古往今来,社会一直受到两股力拉扯,好像拔河。一股力叫奢汰,肆无忌惮,挥霍浪费;一股力叫撙节,“有所抑而不敢肆谓之撙,有所制而不敢过谓之节。”力道往奢汰一边倒,社会就乌烟瘴气;撙节力道胜出,风气就清正健朗。
古代中国奢汰登峰造极者,是开斗富风气的西晋高官石崇。东晋裴启《语林》载:“刘寔诣石崇,如厕,见有绛纱帐大床,茵蓐其丽,两婢持锦香囊。遽反走,即谓崇曰:向误入卿室内。崇曰:是厕耳。”石府厕所陈设让刘寔震惊,更有妙曼婢女捧着香袋侍候。于是刘寔忙忙退出来,向石崇道歉:“刚才我误撞进您的内室。”石崇轻描淡写说,那是厕所罢了。
《晋书·刘寔传》载,刘寔自幼养成自律节俭习惯,保持一生,在奢靡的两晋风气里,堪谓洁身自好。出自小说家者流的《语林》安排奢汰与撙节的碰撞,用心良苦。刘寔享年91岁,撙节为其一生操守,大德必寿。石崇头颅滚落尘埃,刚办过奢靡风头之最的五十寿诞,德不配位,必有祸殃。
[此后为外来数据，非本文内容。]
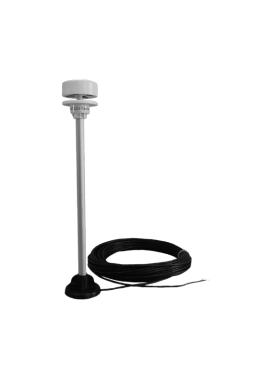 CV7V wind vane-anemometer + LCJ barometer Sensors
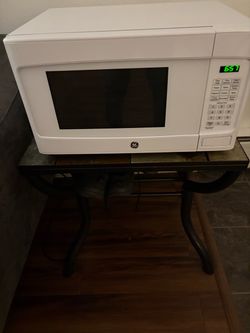 GE microwave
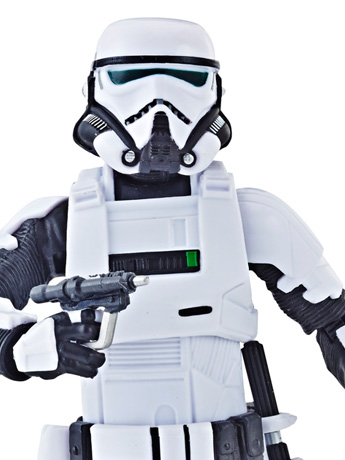 Star Wars: The Black Series 6" Imperial Patrol Trooper (Solo: A Star Wars Story) Gallery Image 2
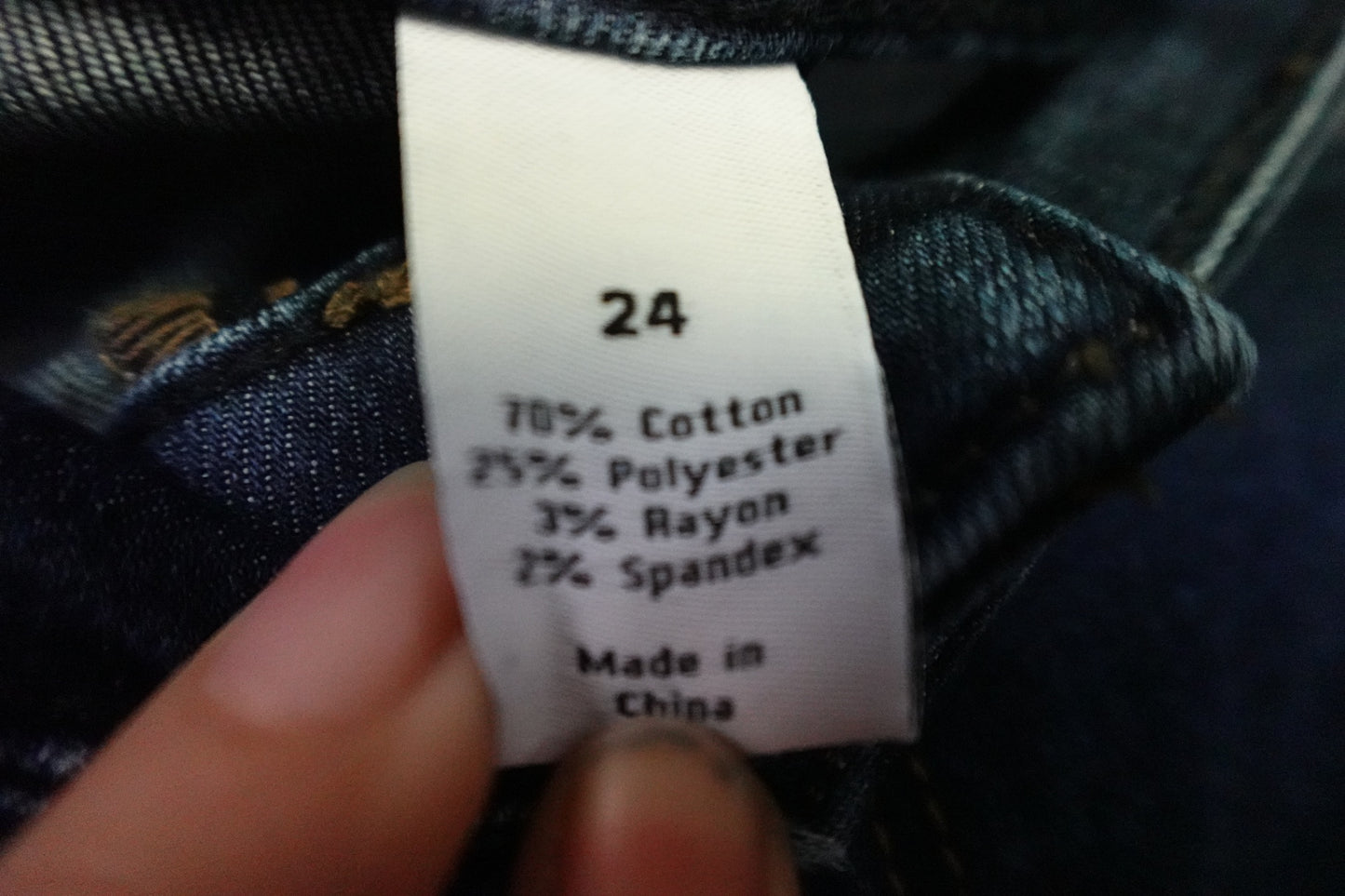 Lane Bryant, Jeans, 24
石崇二十余岁就担任修武县令,宦海轻舟跻身高位。问题就来啦,权位移人,权欲物欲情欲诸种欲,石崇想如何泛滥就如何泛滥。《晋书·石崇传》载:“财产丰积,室宇宏丽。后房百数,皆曳纨绣,珥金翠。丝竹尽当时之选,庖膳穷水陆之珍。与贵戚王恺、羊琇之徒以奢靡相尚。”奢汰之石崇,引领西晋王朝奢靡斗富之恶劣风气。
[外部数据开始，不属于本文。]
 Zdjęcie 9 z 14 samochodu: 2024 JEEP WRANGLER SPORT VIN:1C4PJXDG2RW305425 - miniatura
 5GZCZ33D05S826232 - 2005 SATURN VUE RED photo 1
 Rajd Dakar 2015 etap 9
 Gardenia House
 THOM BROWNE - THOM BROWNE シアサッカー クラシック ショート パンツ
中国文化里有一剂苦口良方,名曰俭以养德,上至君王下至百姓,都要时时饮用。宋代王谠《唐语林》载:“肃宗为太子,尝侍膳。尚食置熟俎,有羊臂臑。上顾太子,使太子割。肃宗既割,余污漫刃,以饼洁之,上熟视,不怿;肃宗徐举饼啖之,上大悦,谓太子曰:福当如是爱惜。”唐肃宗为太子时,曾侍候玄宗用膳。熟食里有羊的前腿,太子为玄宗切割。当太子把切过肉、上面还沾着油脂的刀子往饼上抹拭时,玄宗很不满意。直到太子拿起饼送进口中之时,玄宗龙颜大悦,并赞赏道:口福应当如此爱惜!
这节“开元旧事”,可谓是大唐盛世撙节之风催绽的花朵,遗憾的是“花无百日红”。历史愈远愈看得清晰,唐玄宗偏偏是大唐奢汰之风的始作俑者,因为奢汰,盛唐失却颜色。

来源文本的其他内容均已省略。